Coréalisé durant l’été 2008 en compagnie du tyrannique mais non moins talentueux Dimitri Tikovoi (Goldfrapp, Placebo, Horrors…) et enregistré entre les studios londoniens de Flood (producteur de U2, Depeche Mode, PJ Harvey, Soulwax…) et Bruxelles, ce dernier album gagne en maturité et professionnalisme.
Le journal, rédigé lors de la production de l’album (www.sharko.be), nous apprend beaucoup sur les intentions du leader du groupe. L’esprit de « Dance on the Beast » se présente comme l’évolution logique de « Molecule ». Un album qui s’interroge sur le futur, sur les angoisses et les joies de l’auteur.
Plongé dans ses éternelles et instinctives (in)certitudes, David Bartholomé nous invite à un voyage initiatique visant à dompter, dominer et épuiser la bête. Exorciser et danser sur les fantômes, les monstres qui l’habitent, qui nous hantent tous. Faire resurgir les peurs et les ombres du passé pour les combattre et leur rire au visage. Expérience au cœur de ses paradoxes, de ses stigmates en voie de guérison. La mise en mélodie de son hypersensibilité nous enivre d’influx hypnotiques. L’impression de découvrir la lune à vélo dans un mouvement qui le soulève lentement de son plancher peuplé de souris noires. Onze morceaux évoluant entre anxiété et optimisme! Le clown triste de la formation bruxelloise n’est ‘pas toujours sagesse et maturité’, mais se rend compte, au fil du temps, qu’il ‘aime la vie finalement’ et compte la célébrer à travers ce dernier opus.
A l’image du leader du groupe, « Dance on the Beast » se présente comme un album aux mille facettes : complexe, dense, aux influences éclectiques. Paradoxe et diversité dans lesquels le groupe parvient à trouver un certain équilibre. Sharko s’arrache au confort du coton et opte pour un changement et une évolution sonore. Cette métamorphose représente souvent une prise de risque et la formation bruxelloise marche sur ce fil onduleux sans jamais chuter.
Le dernier elpee s’ouvre rapidement à de nouvelles sonorités davantage électro-dance et ludiques. « Yo heart » et « Rise Up » se veulent plus dansants. Une sorte de ‘happy-happy / show-biz strass’. Morceau aux allures doucement disco-pop qui évoque parfois Zita Swoon. Une harmonie entre ombres et lumières réussie.
L’album se nourrit de sonorités diverses conjuguant la basse ronflante de Bartholomé et les riffs orageux de Teuk à d’autres instruments plus inhabituels.
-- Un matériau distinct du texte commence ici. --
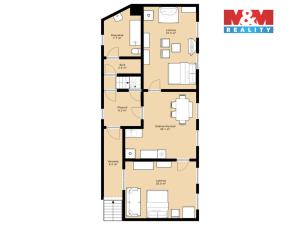 Prodej rodinného domu, Borovany, 96 m2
Ainsi, les compos sont colorées d’un vieux synthé Roland de 1971 et d’un Solina vintage. Le tout nous offre des sonorités nostalgiques et démodées aux couleurs ‘hypesques’.
« Horses », morceau inclassable, illustre bien le nouveau visage Sharko. La plage prend sa source sur un petit thème ‘Electro-Atari’ (NDR : intro ressemblant à s’y méprendre au générique du jeu télévisé Motus sur France 2) placé sous une grille d’accords gores et sombres. Après quelques percussions indiennes, viennent se greffer des claviers introduisant une langueur ‘lynchéenne’. Puis se terminent sur des impressions post-new wave. Etonnant ! La touche excentrique de Dimitri Tikovoi se fait ici lourdement entendre. Pour définir cet ovni, la description la plus fiable restera cependant votre oreille.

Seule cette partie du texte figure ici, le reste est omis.